**COLLECTED MATERIAL**
----------

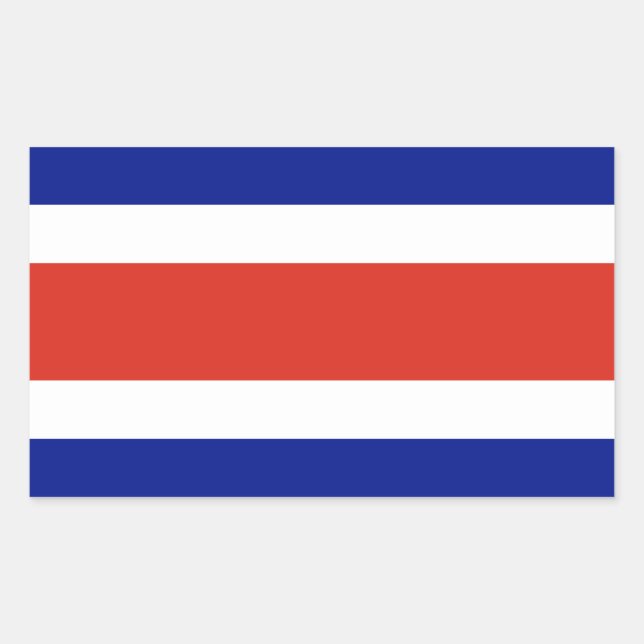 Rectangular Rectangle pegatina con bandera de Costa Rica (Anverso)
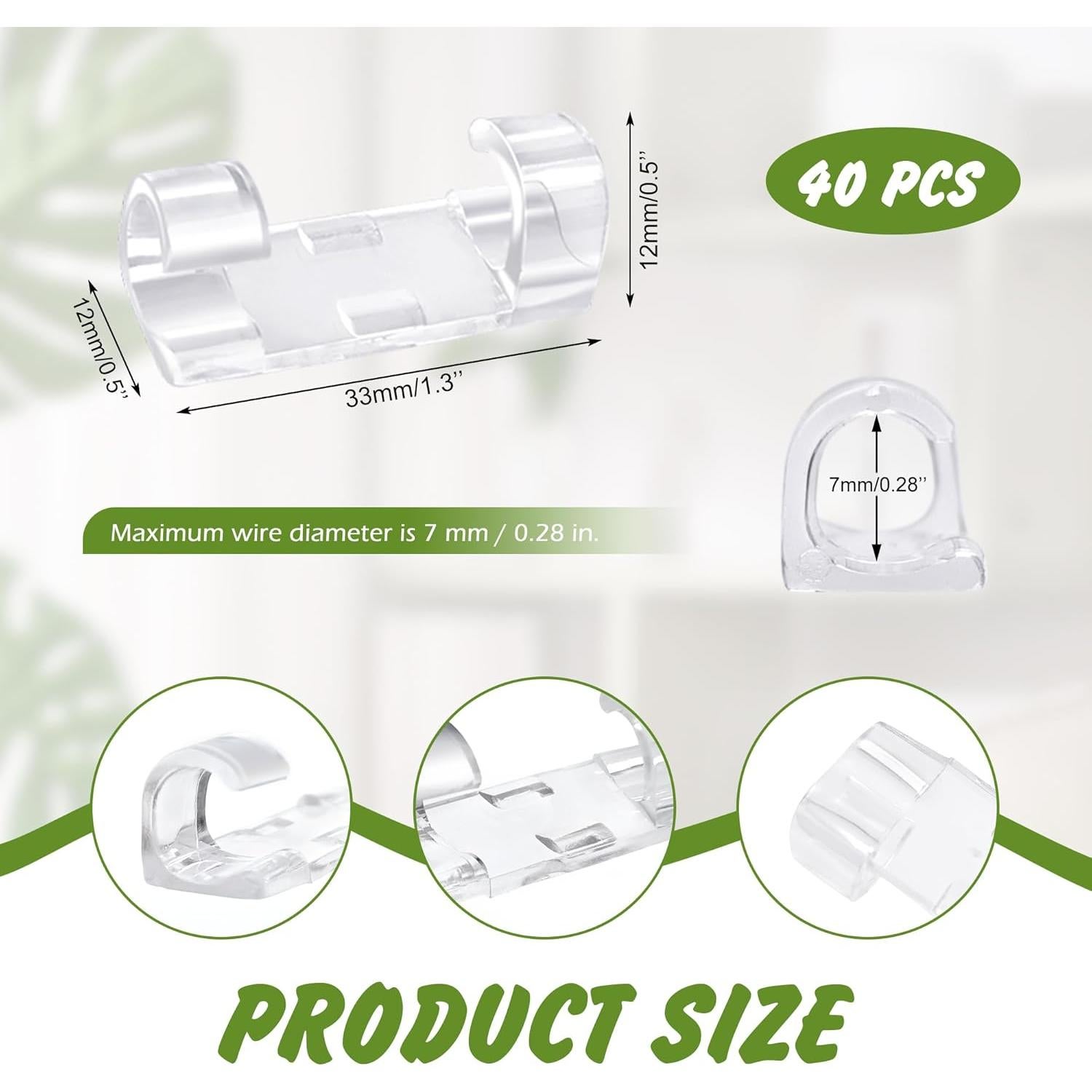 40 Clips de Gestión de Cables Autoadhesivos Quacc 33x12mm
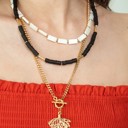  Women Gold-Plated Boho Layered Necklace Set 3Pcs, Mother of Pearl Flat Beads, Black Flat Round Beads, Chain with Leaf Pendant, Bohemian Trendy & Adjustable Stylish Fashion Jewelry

----------

**YOUR GOAL**
Word for word, reproduce the material above and omit each image.

**THE COMPLETED TASK**
 Rectangular Rectangle pegatina con bandera de Costa Rica (Anverso)
 40 Clips de Gestión de Cables Autoadhesivos Quacc 33x12mm
  Women Gold-Plated Boho Layered Necklace Set 3Pcs, Mother of Pearl Flat Beads, Black Flat Round Beads, Chain with Leaf Pendant, Bohemian Trendy & Adjustable Stylish Fashion Jewelry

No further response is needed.